Required work :: Since the listing below shows pictures, leave them out and write out exactly the lines from the line with "Solar Manufacturing's car" to the line with "I previously curated", both included, and no others.

Source material ::
━━━━

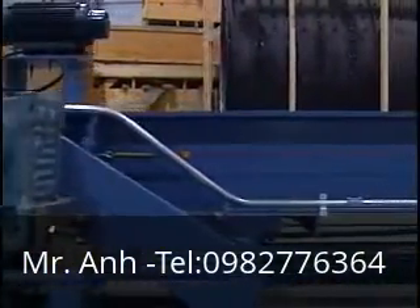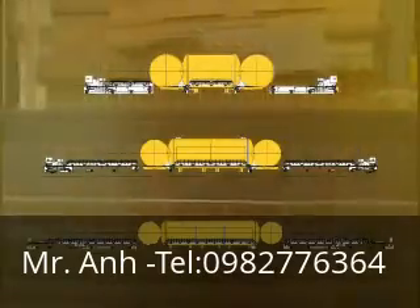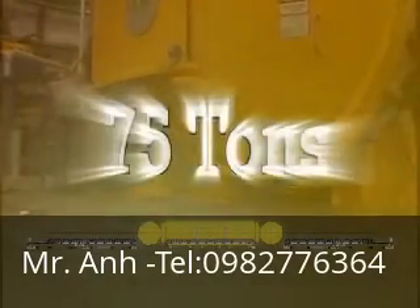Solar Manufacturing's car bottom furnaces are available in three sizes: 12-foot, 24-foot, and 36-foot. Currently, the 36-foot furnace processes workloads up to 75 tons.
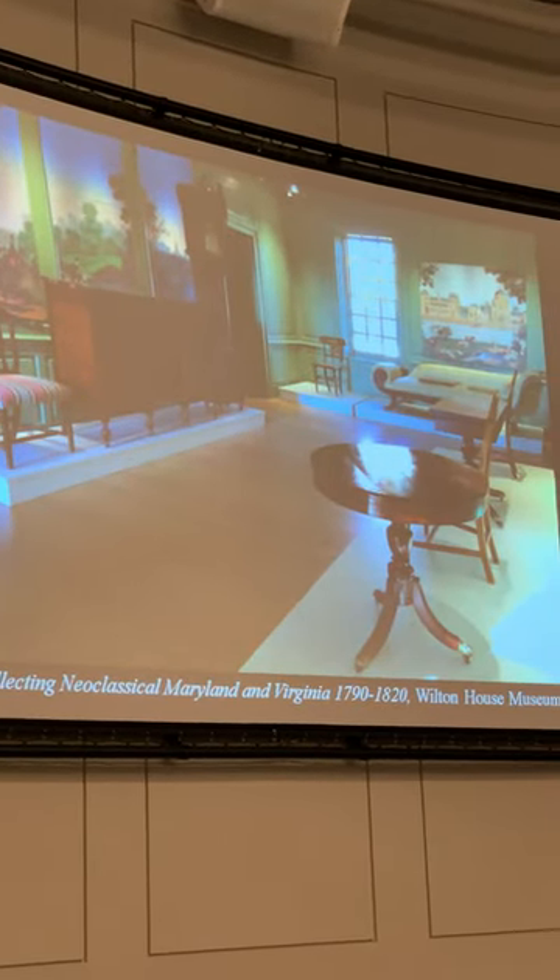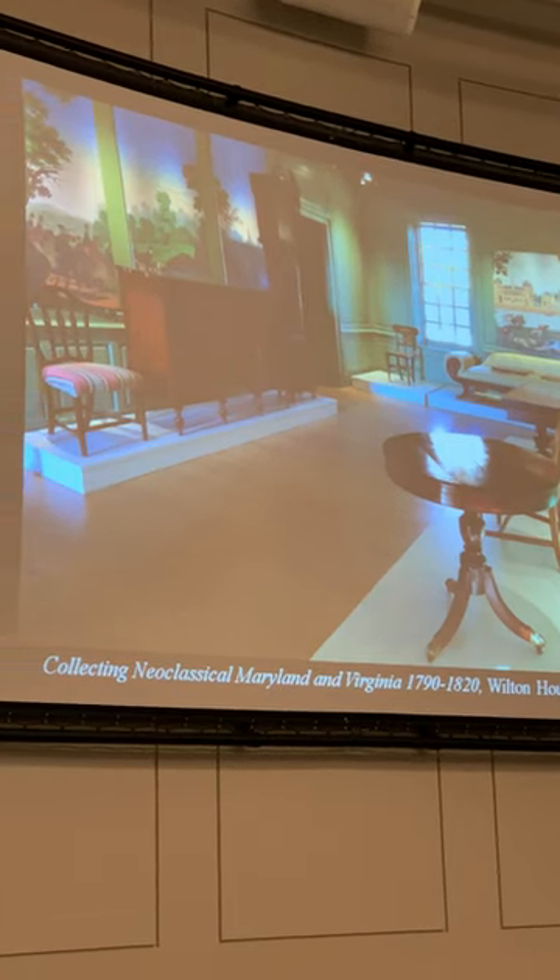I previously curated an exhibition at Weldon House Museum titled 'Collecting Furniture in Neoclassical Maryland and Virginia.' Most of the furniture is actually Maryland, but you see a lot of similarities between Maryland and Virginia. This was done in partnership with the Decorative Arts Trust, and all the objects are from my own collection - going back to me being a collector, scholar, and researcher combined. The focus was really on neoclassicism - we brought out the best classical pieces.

━━━━

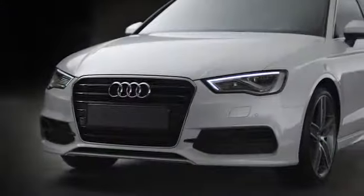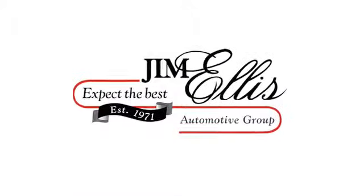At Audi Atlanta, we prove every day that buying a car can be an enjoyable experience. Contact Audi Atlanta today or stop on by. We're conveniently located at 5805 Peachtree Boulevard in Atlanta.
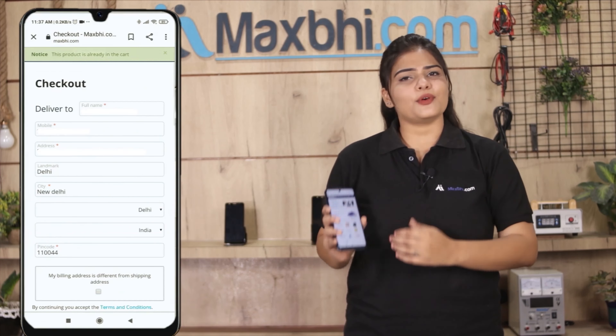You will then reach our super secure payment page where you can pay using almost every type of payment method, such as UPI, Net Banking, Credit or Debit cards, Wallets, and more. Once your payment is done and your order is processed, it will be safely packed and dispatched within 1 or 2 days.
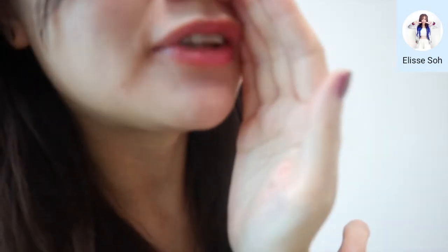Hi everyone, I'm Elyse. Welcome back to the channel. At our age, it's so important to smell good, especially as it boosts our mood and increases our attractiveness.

━━━━

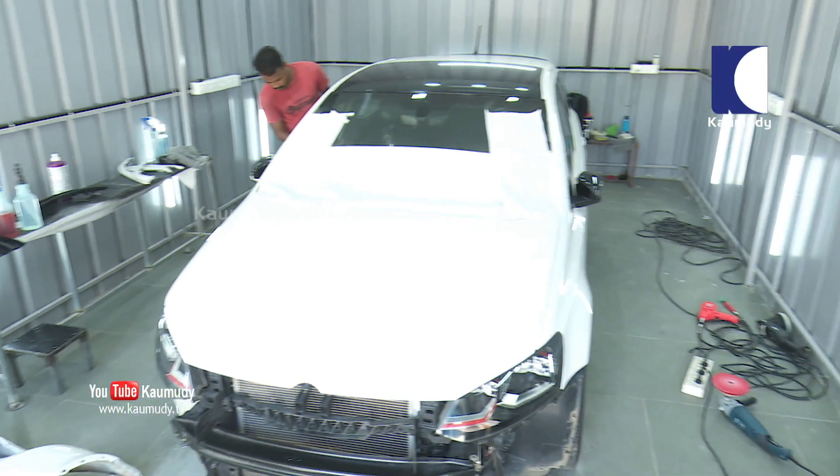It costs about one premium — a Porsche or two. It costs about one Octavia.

━━━━

Task solution ::
Solar Manufacturing's car bottom furnaces are available in three sizes: 12-foot, 24-foot, and 36-foot. Currently, the 36-foot furnace processes workloads up to 75 tons.
I previously curated an exhibition at Weldon House Museum titled 'Collecting Furniture in Neoclassical Maryland and Virginia.' Most of the furniture is actually Maryland, but you see a lot of similarities between Maryland and Virginia. This was done in partnership with the Decorative Arts Trust, and all the objects are from my own collection - going back to me being a collector, scholar, and researcher combined. The focus was really on neoclassicism - we brought out the best classical pieces.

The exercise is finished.